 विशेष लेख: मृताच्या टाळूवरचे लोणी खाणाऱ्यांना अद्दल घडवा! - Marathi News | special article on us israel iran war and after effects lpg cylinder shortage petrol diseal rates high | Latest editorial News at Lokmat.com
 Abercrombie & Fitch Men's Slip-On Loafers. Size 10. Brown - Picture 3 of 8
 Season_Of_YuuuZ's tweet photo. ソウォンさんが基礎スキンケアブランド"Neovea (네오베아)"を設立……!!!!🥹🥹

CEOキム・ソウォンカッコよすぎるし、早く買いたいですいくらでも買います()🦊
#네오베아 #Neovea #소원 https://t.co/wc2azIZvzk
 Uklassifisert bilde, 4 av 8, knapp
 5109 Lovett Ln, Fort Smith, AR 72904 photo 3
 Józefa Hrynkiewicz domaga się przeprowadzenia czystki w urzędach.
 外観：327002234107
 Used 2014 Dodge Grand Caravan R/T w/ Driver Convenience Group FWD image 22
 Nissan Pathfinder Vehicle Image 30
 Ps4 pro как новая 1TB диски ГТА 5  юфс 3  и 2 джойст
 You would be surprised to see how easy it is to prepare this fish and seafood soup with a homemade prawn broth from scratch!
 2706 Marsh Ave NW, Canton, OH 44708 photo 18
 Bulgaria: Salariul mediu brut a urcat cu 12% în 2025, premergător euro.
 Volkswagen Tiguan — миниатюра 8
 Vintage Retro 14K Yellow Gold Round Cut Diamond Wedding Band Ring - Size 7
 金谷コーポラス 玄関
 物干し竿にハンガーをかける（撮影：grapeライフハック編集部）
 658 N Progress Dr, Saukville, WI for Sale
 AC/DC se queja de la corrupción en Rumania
══════
The complete listing is to be repeated exactly.

SOLVED EXERCISE =>
 विशेष लेख: मृताच्या टाळूवरचे लोणी खाणाऱ्यांना अद्दल घडवा! - Marathi News | special article on us israel iran war and after effects lpg cylinder shortage petrol diseal rates high | Latest editorial News at Lokmat.com
 Abercrombie & Fitch Men's Slip-On Loafers. Size 10. Brown - Picture 3 of 8
 Season_Of_YuuuZ's tweet photo. ソウォンさんが基礎スキンケアブランド"Neovea (네오베아)"を設立……!!!!🥹🥹

CEOキム・ソウォンカッコよすぎるし、早く買いたいですいくらでも買います()🦊
#네오베아 #Neovea #소원 https://t.co/wc2azIZvzk
 Uklassifisert bilde, 4 av 8, knapp
 5109 Lovett Ln, Fort Smith, AR 72904 photo 3
 Józefa Hrynkiewicz domaga się przeprowadzenia czystki w urzędach.
 外観：327002234107
 Used 2014 Dodge Grand Caravan R/T w/ Driver Convenience Group FWD image 22
 Nissan Pathfinder Vehicle Image 30
 Ps4 pro как новая 1TB диски ГТА 5  юфс 3  и 2 джойст
 You would be surprised to see how easy it is to prepare this fish and seafood soup with a homemade prawn broth from scratch!
 2706 Marsh Ave NW, Canton, OH 44708 photo 18
 Bulgaria: Salariul mediu brut a urcat cu 12% în 2025, premergător euro.
 Volkswagen Tiguan — миниатюра 8
 Vintage Retro 14K Yellow Gold Round Cut Diamond Wedding Band Ring - Size 7
 金谷コーポラス 玄関
 物干し竿にハンガーをかける（撮影：grapeライフハック編集部）
 658 N Progress Dr, Saukville, WI for Sale
 AC/DC se queja de la corrupción en Rumania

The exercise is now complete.